Un peu plus de quatre heures de frissons intenses ! Frissons de peur et de plaisir. Voilà ce que nous offre David A. Weiner avec son documentaire In Search of Darkness. Né d’un projet comme seul l’ère Internet a su rendre possible, cet essai érudit sur le cinéma d’horreur des années 80 est le résultat d’une campagne de financement participative initialement lancée sur Kickstarter. Financé en deux jours, ce projet d’amoureux du cinéma de genre a récolté 100 K$ sur la plateforme initiale et 250 K$ supplémentaires sur Indiegogo par la suite (cette seconde plateforme servant souvent de relais à des campagnes financées sur la première, afin d’augmenter la cagnotte et offrir donc un peu plus de marge aux créateurs).

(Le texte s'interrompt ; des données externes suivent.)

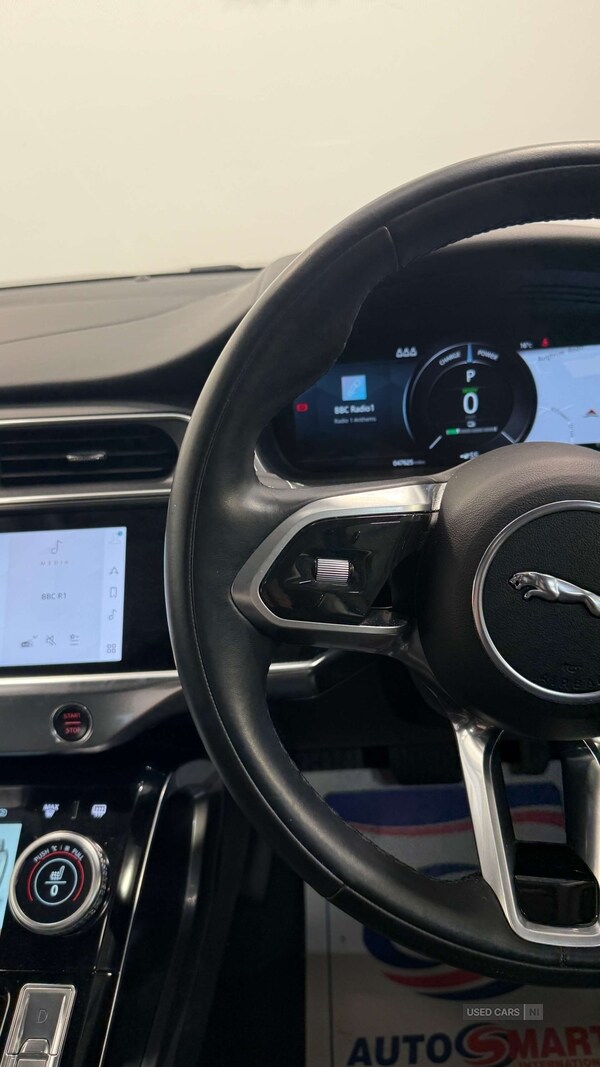 Used Jaguar I-Pace 2021 for sale - 75678745: Photo 20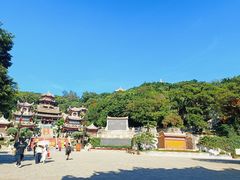 -湄洲岛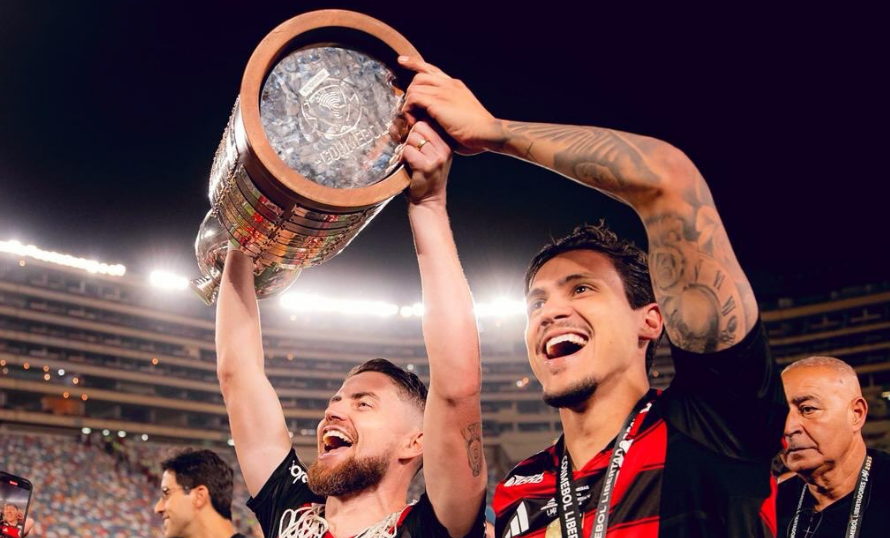 Flamengo Campeón de la Copa Libertadores 2025: Triunfo 1-0 sobre Palmeiras en Lima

Et c’est là qu’on voit qu’une fanbase de geek existe bel et bien sur les plateformes de financement participatif. Et que le geek est effectivement devenu roi au tournant des années 2000. On –car je m’inclus dans la catégorie, bien sûr- est devenu la middle-class qui a les moyens de financer ses passions. Et là où nos parents rêvaient d’un coupé-sport ou d’une villa à la mer, nous sommes plus enclins à financer ce genre de projet qui surfent à fond sur la nostalgie et la culture « alternative« . Enfin, la culture qui était alternative, puisqu’elle est aujourd’hui dominante. Et c’est tant mieux si cela permet à ce genre d’œuvre de voir le jour.

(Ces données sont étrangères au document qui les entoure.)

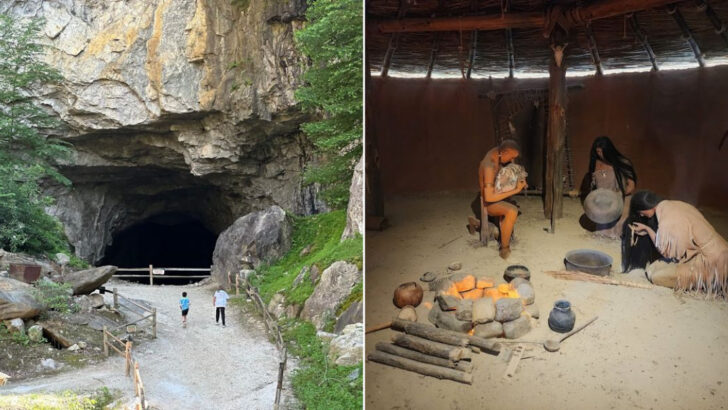 12 Underrated Attractions in North Carolina That Deserve More Attention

Il est sans doute impossible de citer dans ces critiques l’ensemble des films dont il est question dans In Search of Darkness. Ils y sont sans doute tous (ou, en tous les cas, tous ceux qui nous ont marqué dans notre jeunesse). Le documentaire est intelligemment construit en années et en thématique. Après un chapitre consacré aux films sortis en 1980, on aura donc droit à un chapitre plus court sur l’art du makeup dans les films de monstres, ou encore sur le lien entre sexe et films d’horreur, avant de revenir à un chapitre plus systématique sur les films sortis en 1981. Et ainsi de suite. Et, comme je le disais, l’approche permet de vraiment faire un tour complet du cinéma d’horreur des années 80, en évoquant tant Les Griffes de la Nuit, Vendredi 13 et The Thing que les improbables suites de Psychose, The Blob ou bien sûr Chuky.

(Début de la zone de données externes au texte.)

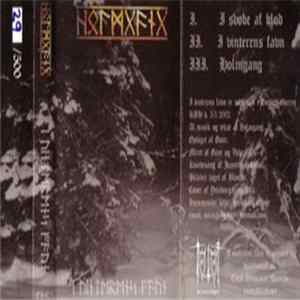 Holmgang - I Vinterens Favn Album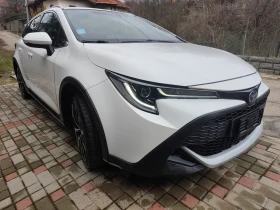 Toyota Corolla TREK 2.0 Хибрид 184к.с 09.2022г, снимка 5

La décennie est encore aujourd’hui considérée comme un âge d’or pour le film d’horreur, puisqu’elle s’ouvre en puissance, auréolée du récent succès du premier Halloween, le premier véritable slasher de l’histoire du cinéma. Fort de ce succès, des cinéastes comme John Carpenter, Joe Dante ou encore Sam Raimi vont égrené leurs films de génie tout au long de la décennie pour véritablement construire un « genre », une recette, qui allie le gore, les blagues potaches et une inventivité et une débrouillardise à toute épreuve. La décennie donnera également des perles baroques comme le premier Hellraiser de Clive Barker ou encore La Mouche de Cronenberg, où l’horrible est finalement plus l’homme que le monstre.

David A. Weiner, journaliste spécialisé dans le cinéma depuis des années, signe ici un documentaire classique dans sa forme (les extraits des films cités s’enchaînent avec des interviews de différents acteurs, réalisateurs ou producteurs de l’époque), mais passionnant dans son propos. Il offre, à travers des interviews bien préparées et pensées intelligemment, une vraie trame narrative à son documentaire, où l’on voit progressivement se dessiner l’évolution d’un genre jusqu’à la création de canons qui seront tournés en ridicule dans les années 90 avant de prendre un virage plus sobre et moins gore dans les années 2000 (à l’exception des tortures-porn façon Hostel ou Saw). Et force est de constater, comme Weiner le fait, que les années 80 contiennent parfois en embryon tout ce que deviendra le genre dans les 30 années suivantes, avant malheureusement moins de brio ou d’éclat.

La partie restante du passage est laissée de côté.